Шеремет лишь красноречиво пожал плечами.
— Так знай: почти четыре миллиона. А сколько было поляков? Семьсот тысяч. Запомни эти цифры. А заодно еще одну — в австро-венгерской армии служило до трехсот тысяч украинцев. Как это, если в целом — мало или много?
— Скорее второе, чем первое.
— Правильно. А сколько за самостийную нэньку-Украину оружие в руки взяли? Из тех четырех миллионов?
Шеремет несколько смущенно молчал, осознавая, что дед загоняет его в угол.
— Не знаю, как-то не запомнилось.
— Ты и не мог запомнить, потому что таких данных точных нет. Но хорошо известно, что в армии УНР во времена наибольшего ее могущества воевало около 80 тысяч человек. Причем половина из них — то были западные украинцы, так называемая Украинская Галицкая армия — УГА. То есть из наших было самое большее сорок тысяч. Понял?

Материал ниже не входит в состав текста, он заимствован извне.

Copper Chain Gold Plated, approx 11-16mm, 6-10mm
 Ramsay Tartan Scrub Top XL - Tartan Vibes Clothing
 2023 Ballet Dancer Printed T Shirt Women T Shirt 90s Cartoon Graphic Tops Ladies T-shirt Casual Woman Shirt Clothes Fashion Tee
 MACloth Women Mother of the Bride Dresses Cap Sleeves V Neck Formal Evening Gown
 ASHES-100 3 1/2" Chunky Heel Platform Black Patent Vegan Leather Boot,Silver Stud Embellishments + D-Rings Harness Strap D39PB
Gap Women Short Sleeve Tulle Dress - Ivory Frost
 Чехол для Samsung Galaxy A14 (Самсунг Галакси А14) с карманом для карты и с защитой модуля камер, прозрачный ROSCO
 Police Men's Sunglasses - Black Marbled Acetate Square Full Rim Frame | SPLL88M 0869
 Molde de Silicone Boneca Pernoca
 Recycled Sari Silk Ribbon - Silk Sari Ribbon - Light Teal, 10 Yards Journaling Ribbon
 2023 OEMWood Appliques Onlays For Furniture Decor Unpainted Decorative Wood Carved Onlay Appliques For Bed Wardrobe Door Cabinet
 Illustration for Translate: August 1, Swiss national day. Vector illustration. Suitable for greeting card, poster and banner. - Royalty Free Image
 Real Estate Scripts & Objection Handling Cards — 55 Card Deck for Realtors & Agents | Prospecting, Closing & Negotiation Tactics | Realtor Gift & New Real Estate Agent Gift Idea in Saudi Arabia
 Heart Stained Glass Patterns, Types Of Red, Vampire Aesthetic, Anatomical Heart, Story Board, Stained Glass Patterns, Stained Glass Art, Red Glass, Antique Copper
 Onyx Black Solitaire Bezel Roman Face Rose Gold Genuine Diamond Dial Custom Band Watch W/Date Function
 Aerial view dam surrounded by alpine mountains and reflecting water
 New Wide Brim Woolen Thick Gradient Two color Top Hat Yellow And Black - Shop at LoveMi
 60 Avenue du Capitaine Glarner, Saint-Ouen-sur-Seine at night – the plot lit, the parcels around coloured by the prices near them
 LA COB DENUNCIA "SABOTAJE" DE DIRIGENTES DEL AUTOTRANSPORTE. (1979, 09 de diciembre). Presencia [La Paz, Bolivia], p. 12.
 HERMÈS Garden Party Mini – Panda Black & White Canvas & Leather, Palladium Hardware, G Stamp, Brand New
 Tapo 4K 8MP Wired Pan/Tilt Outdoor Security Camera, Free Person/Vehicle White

Шеремет молчал, не зная что сказать. Потому как что же тут скажешь? Ведь все понятно и без комментариев: если Империю защищали четыре миллиона украинцев, то есть, один из девяти, то родную нэньку-Украину — лишь один процент от того, или один из девятисот. В сто раз меньше!!!
— Ты правильно меня понял. А войск Красной армии знаешь, сколько было в Украине? В среднем около восьмидесяти тысяч. Сколько вас, «ограниченного контингента советских войск», было в Афганистане? Помнишь?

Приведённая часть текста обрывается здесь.